Monday, September 20, 2010

Dear Policyholders,
   I am addressing again after about a month which has seen indices go up very fast and the Nifty has now reached a high level of above 5900. I have noticed pointers which indicate that a correction of about 5 to 10 % is on cards. Respecting this very observation I now advise you to transfer funds entirely in to 'secured fund' . This is for all three ie for the conservative, the moderates and also for the aggressive. 

  The RBI has raised the policy rates by a small margin but the bond prices are down and if you enter the secured fund now you also have a chance of appreciation in the bond values when the interest rates are revised downward and I expect it to happen after about six months from now. It is not that stocks have a bleak future but the risk-reward equation is at such point that the prudent investors keep funds in safe pocket and this applies more for the insurance and pension plan funds as they are for long term goals. My resolve is to advise you in way which takes care of safety as well as of decent growth.

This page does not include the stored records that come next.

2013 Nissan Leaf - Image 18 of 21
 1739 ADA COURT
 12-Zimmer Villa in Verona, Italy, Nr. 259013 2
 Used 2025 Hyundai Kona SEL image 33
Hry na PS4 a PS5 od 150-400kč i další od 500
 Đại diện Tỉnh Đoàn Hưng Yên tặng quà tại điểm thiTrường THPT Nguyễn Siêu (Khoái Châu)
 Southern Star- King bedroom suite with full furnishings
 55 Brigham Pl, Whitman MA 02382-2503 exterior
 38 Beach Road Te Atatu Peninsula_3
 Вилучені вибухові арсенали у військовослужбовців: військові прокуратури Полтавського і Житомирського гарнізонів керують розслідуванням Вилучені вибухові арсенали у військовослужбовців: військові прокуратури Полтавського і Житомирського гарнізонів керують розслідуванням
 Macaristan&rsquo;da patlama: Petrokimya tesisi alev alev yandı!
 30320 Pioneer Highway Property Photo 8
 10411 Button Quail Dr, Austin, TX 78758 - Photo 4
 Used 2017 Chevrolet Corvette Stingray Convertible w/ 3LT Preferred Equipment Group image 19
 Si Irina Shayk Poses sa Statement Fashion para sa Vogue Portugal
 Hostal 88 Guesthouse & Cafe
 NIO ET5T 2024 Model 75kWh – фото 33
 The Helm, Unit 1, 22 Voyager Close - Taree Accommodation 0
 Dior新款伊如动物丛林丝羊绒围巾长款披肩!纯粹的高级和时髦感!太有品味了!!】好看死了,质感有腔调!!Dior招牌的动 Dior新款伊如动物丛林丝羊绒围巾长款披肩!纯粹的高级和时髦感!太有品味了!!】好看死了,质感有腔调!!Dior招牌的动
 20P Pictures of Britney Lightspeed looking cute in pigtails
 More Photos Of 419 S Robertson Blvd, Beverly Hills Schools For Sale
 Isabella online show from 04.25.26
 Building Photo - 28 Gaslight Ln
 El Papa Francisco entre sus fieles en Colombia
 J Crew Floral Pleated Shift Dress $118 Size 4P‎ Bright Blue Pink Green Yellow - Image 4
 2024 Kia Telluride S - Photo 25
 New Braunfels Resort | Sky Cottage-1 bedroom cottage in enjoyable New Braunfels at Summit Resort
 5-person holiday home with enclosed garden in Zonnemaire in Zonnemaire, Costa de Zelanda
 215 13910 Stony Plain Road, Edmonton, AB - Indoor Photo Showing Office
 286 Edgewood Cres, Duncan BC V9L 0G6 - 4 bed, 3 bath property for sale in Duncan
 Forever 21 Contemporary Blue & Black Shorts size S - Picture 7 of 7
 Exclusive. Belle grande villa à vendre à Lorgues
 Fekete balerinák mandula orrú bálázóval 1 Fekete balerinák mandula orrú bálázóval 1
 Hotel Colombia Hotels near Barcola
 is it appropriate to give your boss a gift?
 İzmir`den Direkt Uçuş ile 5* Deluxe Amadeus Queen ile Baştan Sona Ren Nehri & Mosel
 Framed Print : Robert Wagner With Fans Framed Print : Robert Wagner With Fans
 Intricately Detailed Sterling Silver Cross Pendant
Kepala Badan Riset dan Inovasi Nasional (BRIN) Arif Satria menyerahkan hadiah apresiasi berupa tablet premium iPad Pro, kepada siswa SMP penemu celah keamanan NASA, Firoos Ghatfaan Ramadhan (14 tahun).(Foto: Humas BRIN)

I am happy that this has been practically achieved since the time I began to advise you in these columns.
   The new plans have been introduced by companies as per the IRDA guidelines but what I find is that the charges like policy fee and fund management have been raised and the fund allocation charges in the first two years have been brought down. The fund-switching also will cost in future policies as against free switching for 24 times in a year in respect of plans sold to you so far. This makes the old plans worth more than gold, therefore please ensure that you keep paying the premium without fail and also keep topping up with every rupee that you save only on the ULIPs you already hold. You are aware that there is no withdrawal restriction or charge on your presently held policies (in a few cases the withdrawal is possible after three years, so check your policy issue date). Its only you who will have the cake and eat it too. 

  So, rejoice and enjoy your most valuable investment asset to the hilt. If you neglect to take full advantage, you are only going to damage the cause of fund growth and tax saving and hassle free management of funds.